Addo residents demand that “killer” canal be closed
Residents of Paterson, Addo, Bersheba, Uitenhage and Thornhill have threatened to close down the Sundays River Valley Municipality in Addo if a canal which they say is killing their children is not closed within seven days.
Since 1984, about 18 people, including 16 children, have died in or near the canal at KwaNomathamsanqa location in Kirkwood.
Nokuzola Nkone lost her four-year-old son Xolela in 2004. Xolela was crossing the canal when he fell into it and died.
“This is a painful wound that no one can take away from me. What pains me more is that kids are continuing to fall in that canal and there’s nothing I can do to stop that,” said Nkone.
“Every time I hear of a child who fell in that canal, I remember my Xolela. It brings back all the sad memories,” she said.
Nkone said the municipality had not responded to requests to close the canal.
“It’s clear they do not care about us. We went to their offices asking them to close the canal, but they kept on telling us that they do not have enough money to close it,” she said.
On Tuesday, about 400 residents from different locations marched to the municipality, the Lower Sundays River Valley Water User Association and the local office of the Department of Social Development, demanding closure of the canal within a month, compensation for the families of those who had died, and better play areas for children.
This was a follow up to the march held in August.
The march was led by an NGO called Makukhanye Rural Movement. Siyabonga Modikoe, chair of the Movement, said, “The canal is a danger to the community.”

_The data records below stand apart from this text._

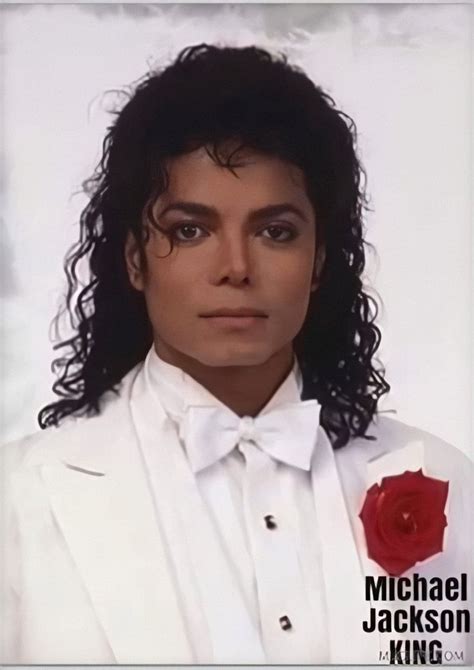 Michael Jackson Wearing A White Suit And Red Rose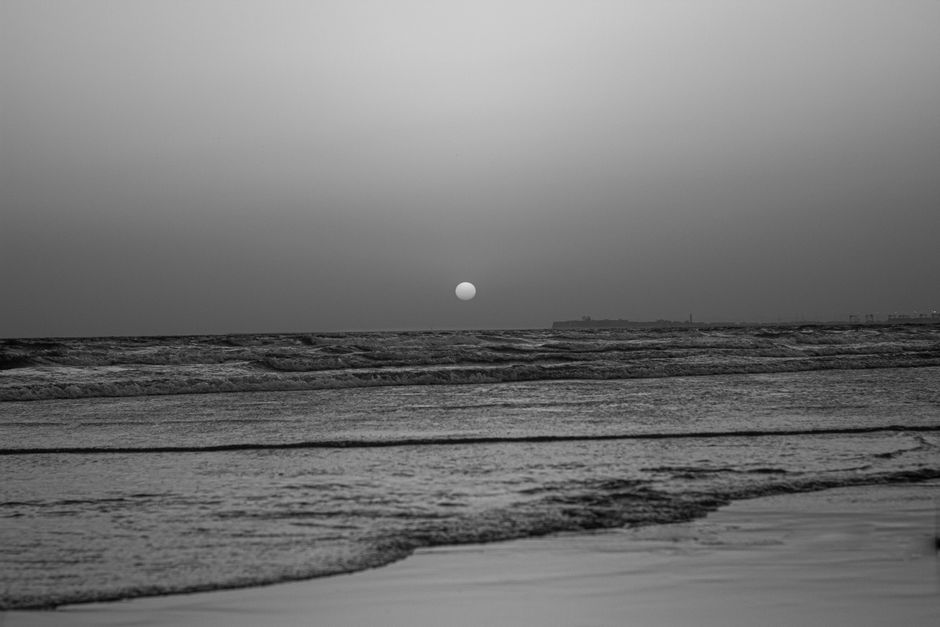 Monochrome sunset view over the ocean at Karachi beach, capturing tranquility and beauty.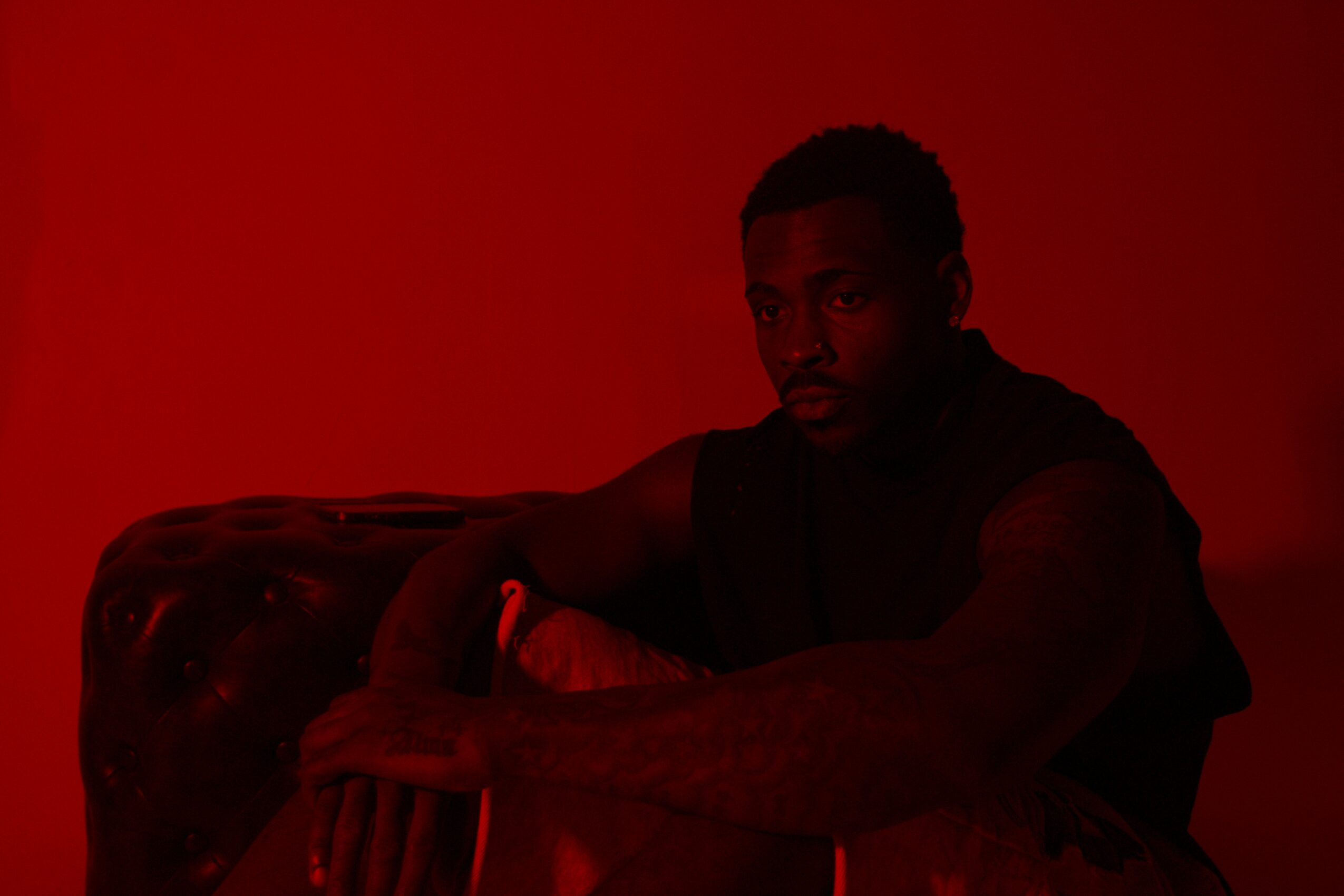 Person sitting on a couch with a red background, arms crossed, looking at the camera.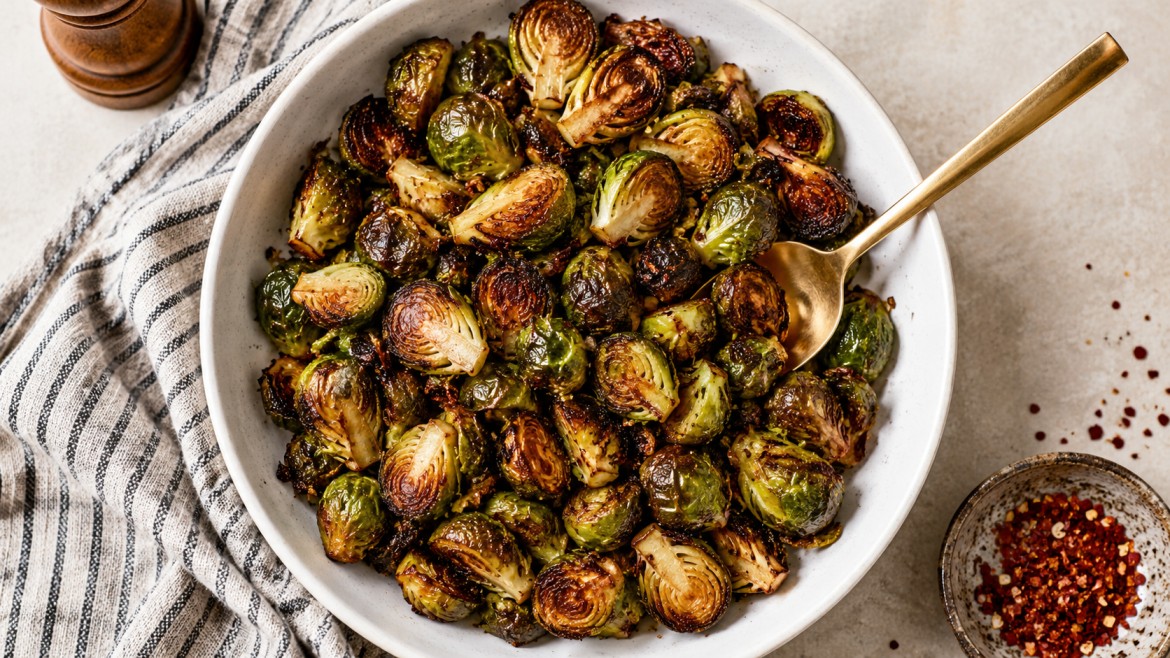 winter vegetables crispy brussels sprouts in a white bowl with golden spoon and warm striped kitchen towel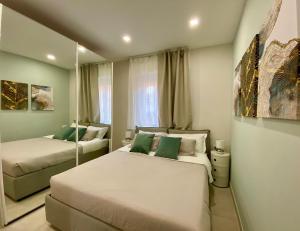 A bed or beds in a room at Le Suite con terrazzo Abitare Roma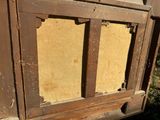 a picture of a wooden window with some paint on it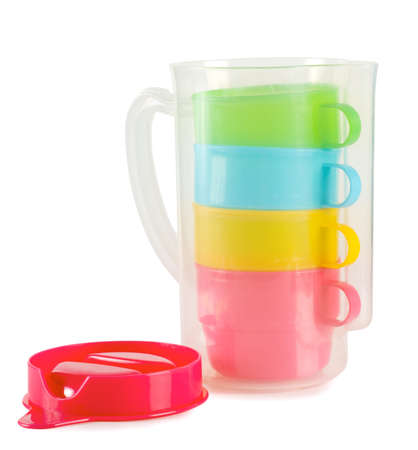 Four colorful cups with pitcher isolated on white backgroundの写真素材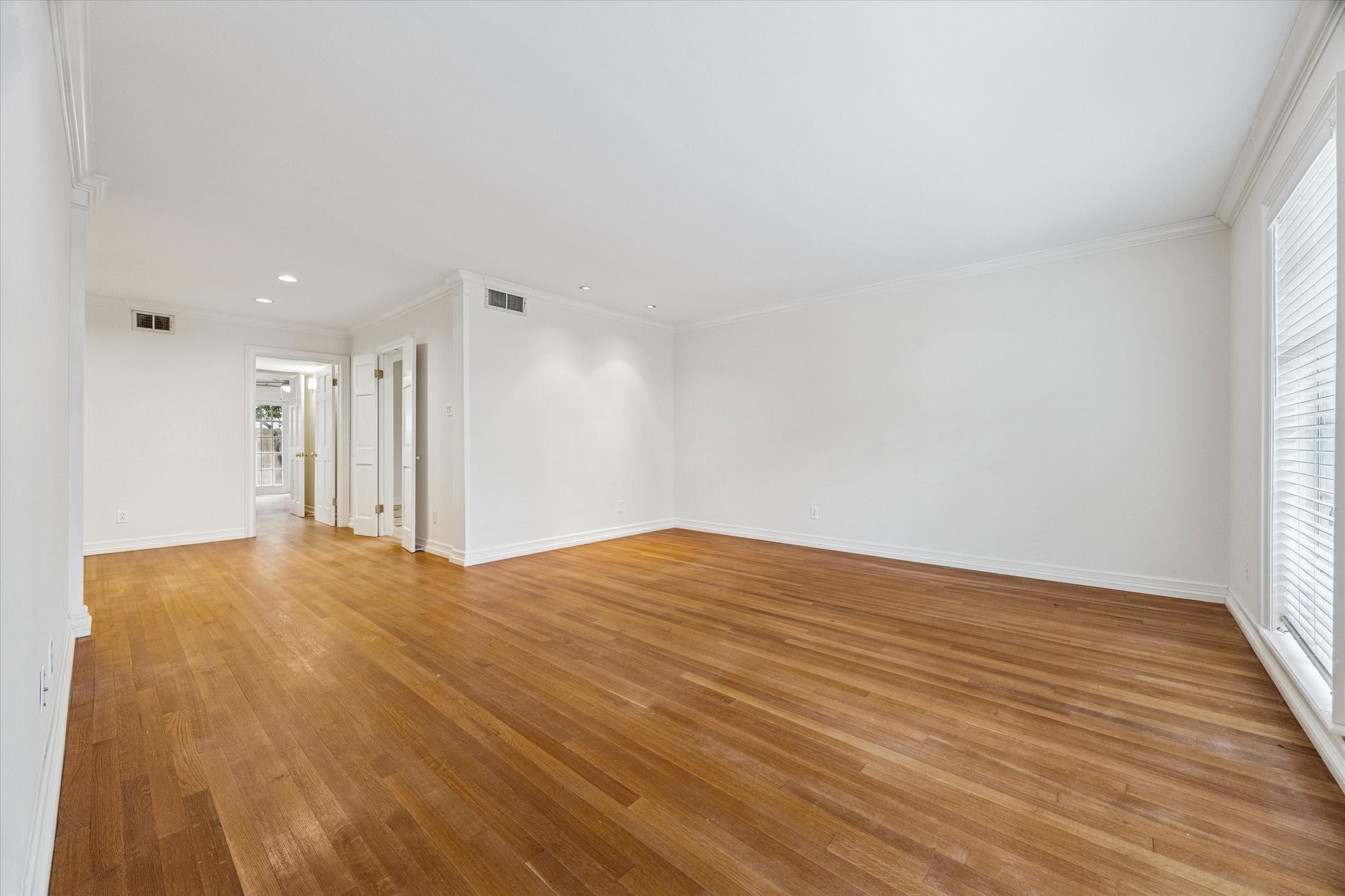 a view of an empty room with wooden floor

“People are being raped and killed then their bodies get dumped in that canal. Lots of crime is happening in that canal and the municipality seems to be doing nothing about that,” he said.
He said children played next to the canal because there was no playing field in the area.
“All we want is for the canal to be closed so that kids can be safe.”
Modikoe said the fence along the canal had been stolen and the municipality was blaming the community.
“They keep on telling us that they do not have money to close the canal,” he said. But the Lower Sundays River Water User Association 2014-15 financial statement showed a surplus of more than R2 million and interest of R863,904 on investments, he said.
“This is about the death of innocent people and we would appreciate it if they also looked at it in that way,” Modikoe said.
In a letter replying to the memorandum handed to him in August, the Chief Executive Officer of Lower Sundays River Water User Association, Hans du Plessis, stated that “multiple” efforts had been made in the last 10 years to tackle the problem.
He said the canal was essential to supply water to the settlements along it and to other users.
“Closure of the canal is unfortunately not a viable solution, as this would make future maintenance and operations in the areas of the canal virtually impossible. This would also be an extremely costly venture. The canal is 5,7 metres wide at KwaNomathamsanqa and borders the settlement for about 4.5 kilometres. Where would the funding be obtained?” asked Du Plessis.
He said it would be more cost-effective to replace the fencing which had been removed and to “educate” the community. “They must be aware that the fence is there for their benefit and protection.”